Ucraina, Salvini ad Assisi: “Alla politica se si aggiunge la preghiera male non fa”

“E’ il momento dell’unione, non è possibile pensare di dividersi, di litigare. Quindi qualunque richiesta il presidente Draghi porterà in Consiglio dei ministri oggi e poi in Parlamento domani la Lega ci sarà”. Lo ha detto leader leghista Matteo Salvini a proposito della crisi in Ucraina, dopo una visita alla basilica di San Francesco ad Assisi.


di Morena Zingales


“Il Governo italiano ha il pieno sostegno della Lega qualunque sia la decisione che porterà in Europa, però non bisogna rispondere alla guerra con un’altra guerra, altrimenti rischia di essere difficile fermarla”.

“Sono contento – aggiunge il leader del Carroccio – che siano cominciati i dialoghi, che il premier ucraino si sta dimostrando oltre che eroico coraggioso, anche estremamente saggio, nel senso che è colui che è sotto attacco con il suo popolo, con i suoi bimbi con le sue donne, con i suoi medici, con i suoi soldati, però continua a credere nel dialogo. Mi piacerebbe che anche l’Occidente credesse nel dialogo, perché se alle bombe rispondi con le bombe si fa difficile. Comunque, diciamo che alla politica se si aggiunge la preghiera male non fa”.
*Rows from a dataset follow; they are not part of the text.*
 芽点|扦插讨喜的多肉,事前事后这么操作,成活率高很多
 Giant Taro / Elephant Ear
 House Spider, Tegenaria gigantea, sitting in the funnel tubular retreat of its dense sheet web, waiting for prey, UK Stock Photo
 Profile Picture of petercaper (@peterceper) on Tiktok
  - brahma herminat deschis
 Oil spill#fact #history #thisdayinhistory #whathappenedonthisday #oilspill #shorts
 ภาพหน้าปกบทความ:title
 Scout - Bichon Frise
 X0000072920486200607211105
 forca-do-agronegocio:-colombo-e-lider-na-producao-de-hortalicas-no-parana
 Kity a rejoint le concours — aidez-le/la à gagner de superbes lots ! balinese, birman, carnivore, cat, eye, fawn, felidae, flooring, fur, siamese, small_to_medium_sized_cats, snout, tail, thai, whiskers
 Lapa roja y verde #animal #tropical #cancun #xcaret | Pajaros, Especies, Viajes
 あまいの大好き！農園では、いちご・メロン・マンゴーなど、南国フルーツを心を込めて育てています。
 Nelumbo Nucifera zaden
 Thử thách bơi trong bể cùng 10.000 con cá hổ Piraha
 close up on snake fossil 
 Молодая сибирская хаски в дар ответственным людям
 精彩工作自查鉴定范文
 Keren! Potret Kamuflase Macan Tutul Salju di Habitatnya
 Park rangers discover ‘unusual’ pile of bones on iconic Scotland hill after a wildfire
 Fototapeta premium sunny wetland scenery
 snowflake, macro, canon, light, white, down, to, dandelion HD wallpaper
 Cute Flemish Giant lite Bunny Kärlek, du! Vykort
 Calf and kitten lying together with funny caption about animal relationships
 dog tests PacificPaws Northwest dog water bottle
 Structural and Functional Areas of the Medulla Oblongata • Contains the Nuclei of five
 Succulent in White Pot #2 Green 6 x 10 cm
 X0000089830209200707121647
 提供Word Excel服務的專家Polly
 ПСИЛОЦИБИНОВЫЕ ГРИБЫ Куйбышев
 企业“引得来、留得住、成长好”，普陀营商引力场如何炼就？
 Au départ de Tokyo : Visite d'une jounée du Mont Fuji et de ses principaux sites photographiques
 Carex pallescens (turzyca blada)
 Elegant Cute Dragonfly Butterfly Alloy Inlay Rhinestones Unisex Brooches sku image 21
“Non siamo a Risiko. Qua c’è una guerra, una minaccia nucleare. Bisogna agire con lungimiranza, con forza e fermezza, ma non vorrei che l’Italia piombasse in guerra. Ed è incredibile come qualche collega politico di sinistra o qualche giornale di sinistra attacchi chi cerca di costruire pace. Bisogna essere molto cauti quando si parla di bombe. Mi sembra – insiste Salvini – che si parli troppo di guerra, in questo momento la priorità è fermare la guerra, bisogna usare la diplomazia, l’ascolto, la ragione , il cuore e la preghiera. Qualcuno parla con leggerezza di attacchi, di guerra, di nucleare. Attenzione, è un momento in cui bisogna essere estremamente cauti, prudenti, uniti”.

Riferendosi a profughi di serie A e di serie B ha detto: “Questa è una guerra vera e questi sono profughi veri, l’Italia sarà la seconda casa per loro. Bisogna fare di tutto per fermare la guerra. Da giorni ci stiamo organizzando per organizzare i corridoi umanitari. Accoglienza per chiunque la chieda, ci stiamo lavorando notte e giorno. Poi bisogna valutare se alle bombe bisogna rispondere con le bombe, se al sangue bisogna rispondere col sangue. Ho apprezzato enormemente le parole del Santo Padre ieri all’Angelus e l’intervista del Segretario di Stato Parolin” – risponde l’ex ministro.

Alla domanda dei giornalisti sull’ingresso dell’Ucraina nella Nato? “In questo momento va fermata la guerra – risponde – quando c’è una guerra la mia unica idea è fermare la guerra – rimarca l’ex ministro dell’Interno -. Queste riflessioni si fanno quando i missili e le bombe hanno smesso di cadere sulle case e sugli ospedali”.